Innego cudownego uzdrowienia za przyczyną Matki Bożej Opieki doznał Alojzy Dorengowski, mający 54 lata, mieszkaniec Tuligłów pod Krasnymstawem: "Zeznaje sumiennie, iż zapadłszy w wielką słabość, to jest
na ból w piersiach, mający we środku wrzody, z zatwardzeniem wątroby (...), a będąc w kuracji doktorów różnych, zamiast pomocy, puchliny wodney dostałem (...). Doktorzy zdecydowali, że żadnym sposobem
żyć nie mogę, jak dni osiem y ostatnią mi dali receptę, z którą ja wyprawiłem moją żonę do apteki zamoyskiey, która dowiedziawszy się o cudownym Obrazie Matki Boskiey będącym w Kollegiacie Zamoyskiey,
pominąwszy aptekę, tam poszła y mnie ofiarowała.

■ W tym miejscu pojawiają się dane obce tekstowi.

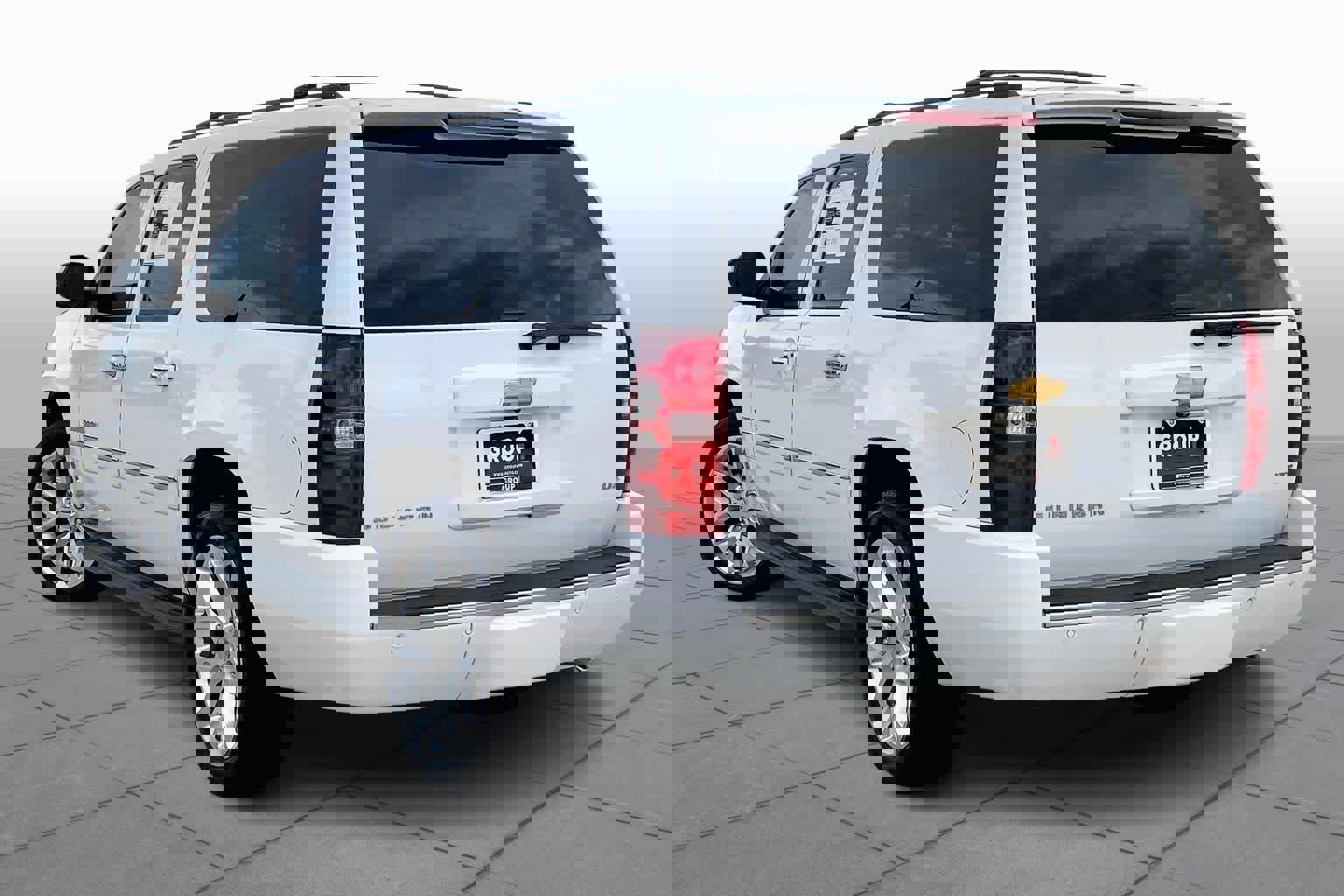 Used 2013 Chevrolet Suburban LTZ image 11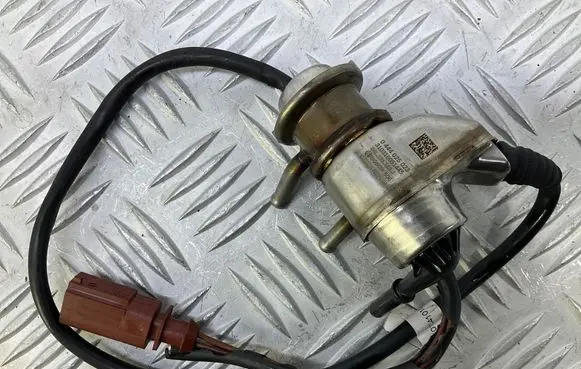 Audi A4 S4 B9 AdBlue injector 04L131113J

Powróciwszy z Zamościa, to mi oświadczyła, y zaraz mię chęć wielka wzięła, abym jak najprędzej mógł jechać, y przybywszy na miejsce wielkie uczyniłem nabożeństwo
odprawiwszy generalną spowiedź, y Komunię Świętą przyjąwszy zaraz doznałem cudu, bo prawie w tydzień popękali mi w piersiach wrzody, zacząłem krwią pluć, a tak uczułem wielką ulgę y przez tygodni sześć
(...) codziennie gorące czyniłem prośby do tey Matki Boskiey, od którey wiele doznałem łask, że do tey pory coraz zostaję zdrowszy, za co niech Bogu Naywyższemu będą dzięki, a Matce Jego Naydroższey -
honor cześć y chwała. A ja pod przysięgą, to wszystko, com napisał, stwierdzam y wiernie zeznaję. Działo się to 10 września 1804 roku".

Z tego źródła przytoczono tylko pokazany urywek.